Beginning at the line that contains "Vista 13 de", reproduce every line to the end of the material without changing any of them.

--- START ---

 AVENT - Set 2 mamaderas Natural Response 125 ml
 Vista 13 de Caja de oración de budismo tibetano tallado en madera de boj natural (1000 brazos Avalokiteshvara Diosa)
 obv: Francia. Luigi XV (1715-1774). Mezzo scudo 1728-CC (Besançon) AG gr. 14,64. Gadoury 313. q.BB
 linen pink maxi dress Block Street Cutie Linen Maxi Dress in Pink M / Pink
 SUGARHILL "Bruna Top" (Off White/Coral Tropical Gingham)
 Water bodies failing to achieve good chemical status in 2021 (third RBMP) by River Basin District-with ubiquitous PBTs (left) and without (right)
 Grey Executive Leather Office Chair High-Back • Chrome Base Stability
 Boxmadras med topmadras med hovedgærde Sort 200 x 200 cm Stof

--- END ---

EXERCISE OUTPUT ▸
 Vista 13 de Caja de oración de budismo tibetano tallado en madera de boj natural (1000 brazos Avalokiteshvara Diosa)
 obv: Francia. Luigi XV (1715-1774). Mezzo scudo 1728-CC (Besançon) AG gr. 14,64. Gadoury 313. q.BB
 linen pink maxi dress Block Street Cutie Linen Maxi Dress in Pink M / Pink
 SUGARHILL "Bruna Top" (Off White/Coral Tropical Gingham)
 Water bodies failing to achieve good chemical status in 2021 (third RBMP) by River Basin District-with ubiquitous PBTs (left) and without (right)
 Grey Executive Leather Office Chair High-Back • Chrome Base Stability
 Boxmadras med topmadras med hovedgærde Sort 200 x 200 cm Stof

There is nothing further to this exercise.